-- RAW DATA follows --

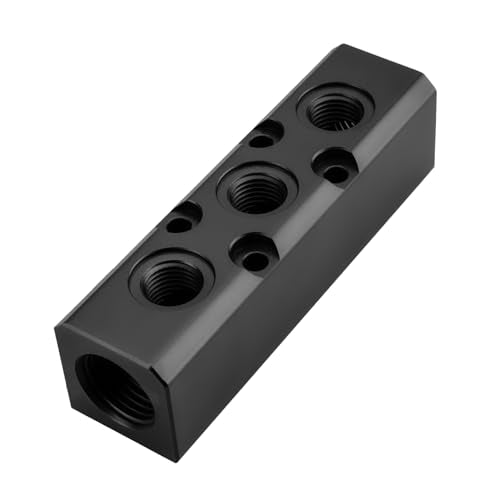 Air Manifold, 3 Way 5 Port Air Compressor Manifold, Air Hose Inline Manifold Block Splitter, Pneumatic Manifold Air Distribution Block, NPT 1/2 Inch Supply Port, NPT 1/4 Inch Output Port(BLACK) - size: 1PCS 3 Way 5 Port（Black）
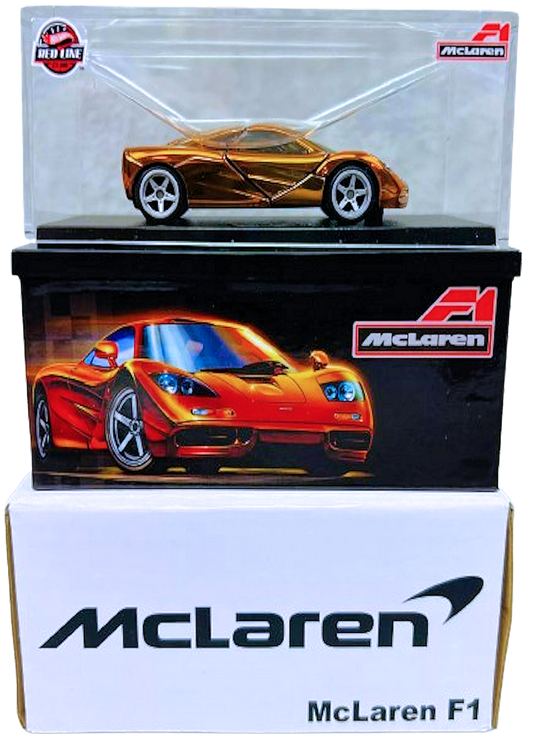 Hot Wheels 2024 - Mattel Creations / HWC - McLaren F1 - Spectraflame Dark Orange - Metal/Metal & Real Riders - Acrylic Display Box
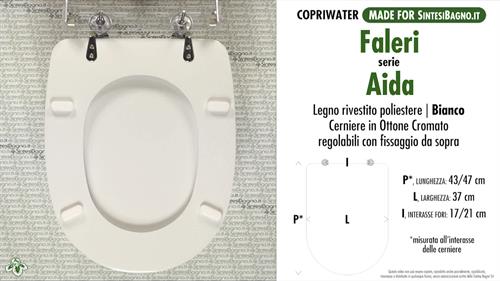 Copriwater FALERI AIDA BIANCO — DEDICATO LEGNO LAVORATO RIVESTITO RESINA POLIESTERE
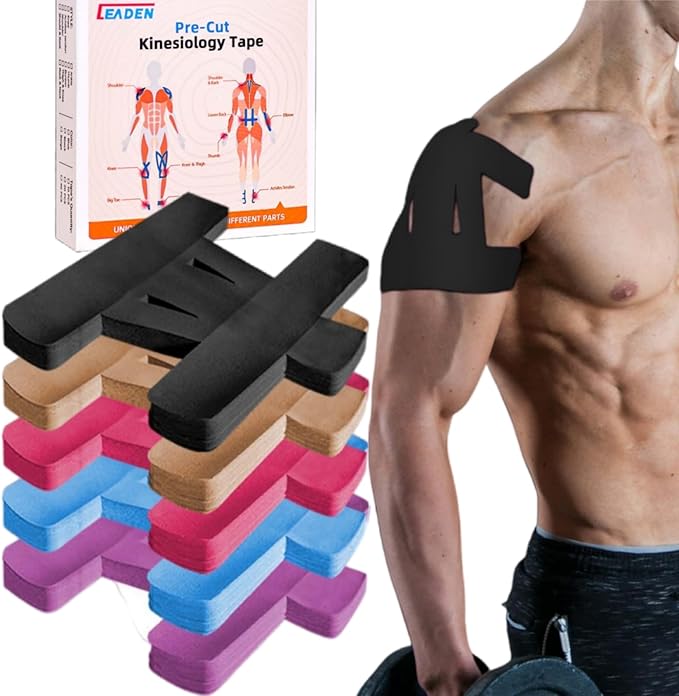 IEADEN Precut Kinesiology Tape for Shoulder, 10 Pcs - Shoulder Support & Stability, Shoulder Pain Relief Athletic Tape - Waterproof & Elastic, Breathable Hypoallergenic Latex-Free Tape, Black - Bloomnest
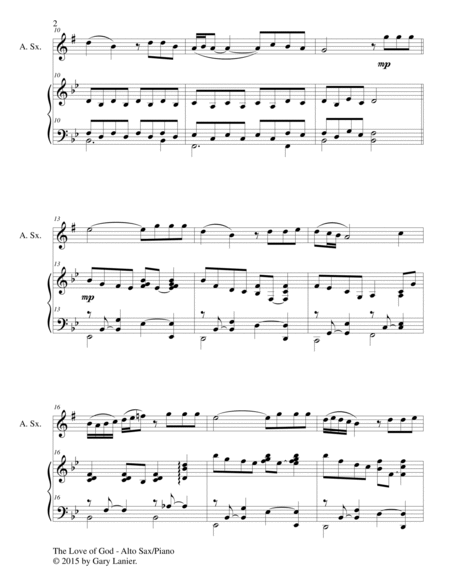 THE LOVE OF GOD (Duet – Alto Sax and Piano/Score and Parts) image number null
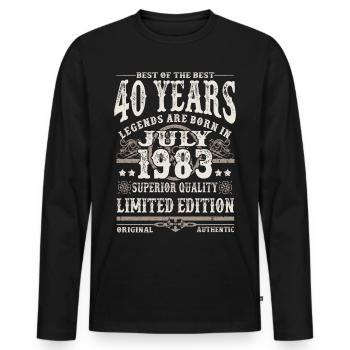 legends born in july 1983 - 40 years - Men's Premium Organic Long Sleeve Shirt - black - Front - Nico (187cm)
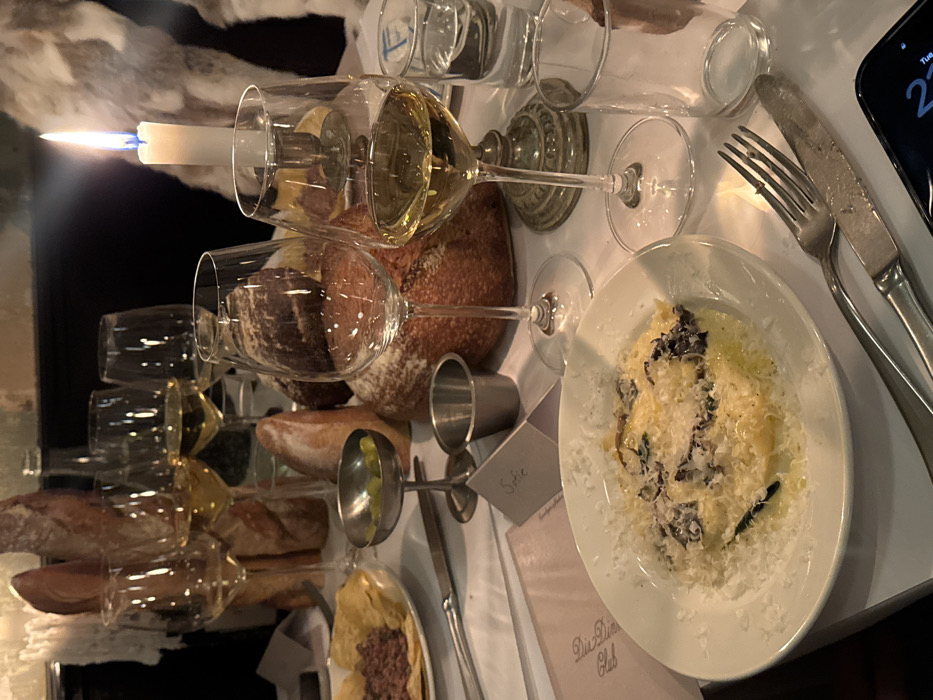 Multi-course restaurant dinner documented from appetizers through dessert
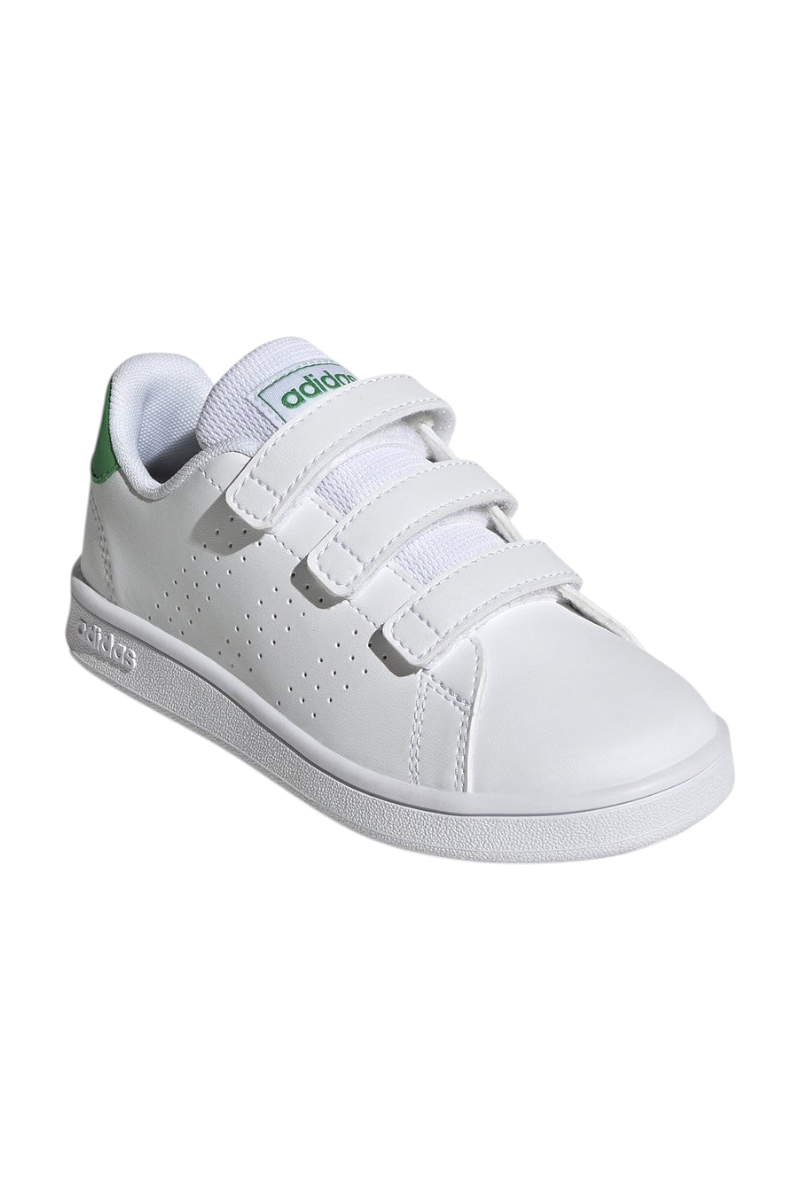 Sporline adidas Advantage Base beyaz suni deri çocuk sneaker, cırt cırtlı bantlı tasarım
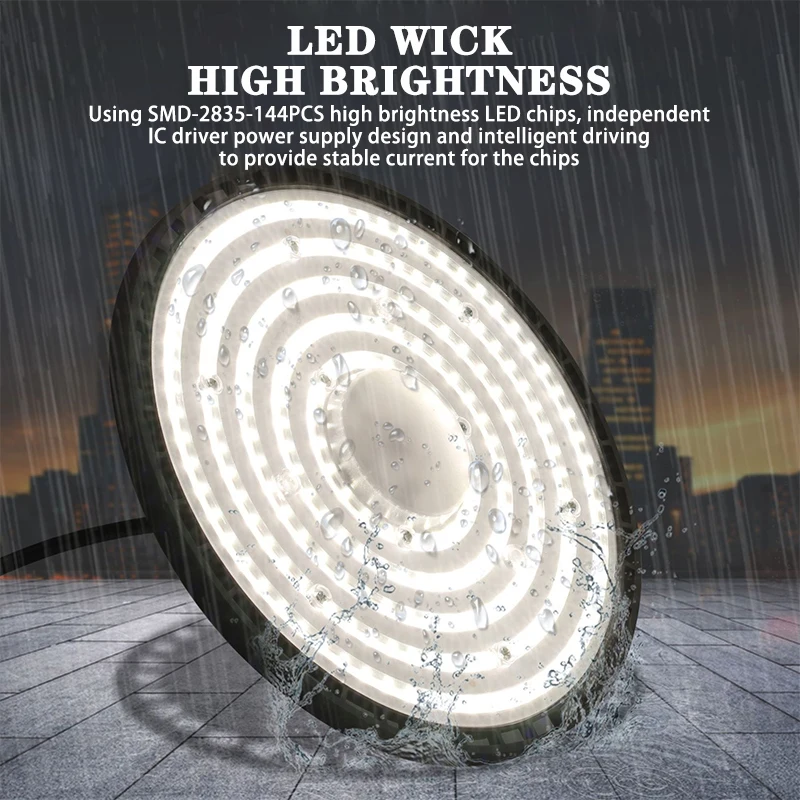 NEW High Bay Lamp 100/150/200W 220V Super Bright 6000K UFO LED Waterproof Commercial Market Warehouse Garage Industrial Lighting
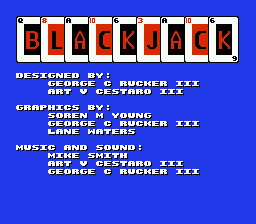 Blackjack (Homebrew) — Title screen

-- RAW DATA concluded --

> EXERCISE GOAL
Reproduce the whole listing above character for character; pictures do not belong in it.

> EXPECTED ANSWER
 Air Manifold, 3 Way 5 Port Air Compressor Manifold, Air Hose Inline Manifold Block Splitter, Pneumatic Manifold Air Distribution Block, NPT 1/2 Inch Supply Port, NPT 1/4 Inch Output Port(BLACK) - size: 1PCS 3 Way 5 Port（Black）
 Hot Wheels 2024 - Mattel Creations / HWC - McLaren F1 - Spectraflame Dark Orange - Metal/Metal & Real Riders - Acrylic Display Box
 Copriwater FALERI AIDA BIANCO — DEDICATO LEGNO LAVORATO RIVESTITO RESINA POLIESTERE
 IEADEN Precut Kinesiology Tape for Shoulder, 10 Pcs - Shoulder Support & Stability, Shoulder Pain Relief Athletic Tape - Waterproof & Elastic, Breathable Hypoallergenic Latex-Free Tape, Black - Bloomnest
 THE LOVE OF GOD (Duet – Alto Sax and Piano/Score and Parts) image number null
 legends born in july 1983 - 40 years - Men's Premium Organic Long Sleeve Shirt - black - Front - Nico (187cm)
 Multi-course restaurant dinner documented from appetizers through dessert
 Sporline adidas Advantage Base beyaz suni deri çocuk sneaker, cırt cırtlı bantlı tasarım
 NEW High Bay Lamp 100/150/200W 220V Super Bright 6000K UFO LED Waterproof Commercial Market Warehouse Garage Industrial Lighting
 Blackjack (Homebrew) — Title screen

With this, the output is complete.